Madubane v Ethekwini Municipality (6934/2021P) [2025] ZAKZPHC 116 (5 November 2025)

65 Reportability

Brief Summary

Delict — Negligence — Duty of care — Plaintiff injured after falling into open manhole — Defendant municipality's duty to maintain public infrastructure — Plaintiff fell into manhole during loadshedding, previously cordoned off with red tape — Defendant claimed lack of knowledge of open manhole and absence of reported complaints — Court found Defendant failed to prove contributory negligence and was liable for injuries sustained by Plaintiff due to negligence in maintaining the manhole.

Comprehensive Summary

Case Note


Thamsanqa Wilson Madubane v Ethekwini Municipality

[2025] ZAKZP 122

Date: 5 November 2025


Reportability


This case is reportable as it addresses significant issues of municipal liability regarding the duty of care owed by local governments to ensure public safety in their jurisdictions.

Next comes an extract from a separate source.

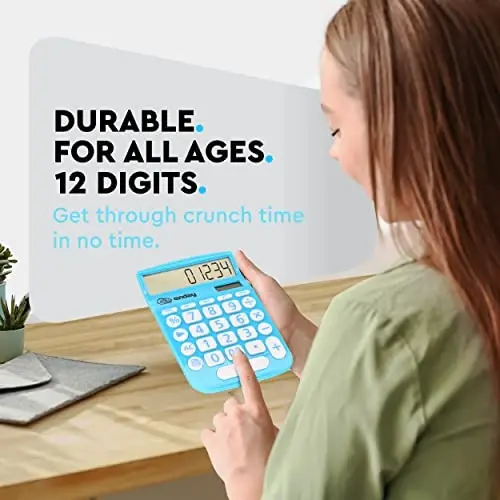 Enday Solar Powered 12-Digit Calculator - Blue, Large Display, Perfect for Office & School - ENDAY (1)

The judgment clarifies the extent of liability for damages arising from omissions by municipal authorities, particularly in cases involving open and hazardous manholes. The decision is expected to have implications on similar cases where individuals suffer injuries due to negligence on the part of municipal bodies.


Cases Cited



  • Minister of Safety and Security v Van Duivenboden 2002 (6) SA 431 (SCA)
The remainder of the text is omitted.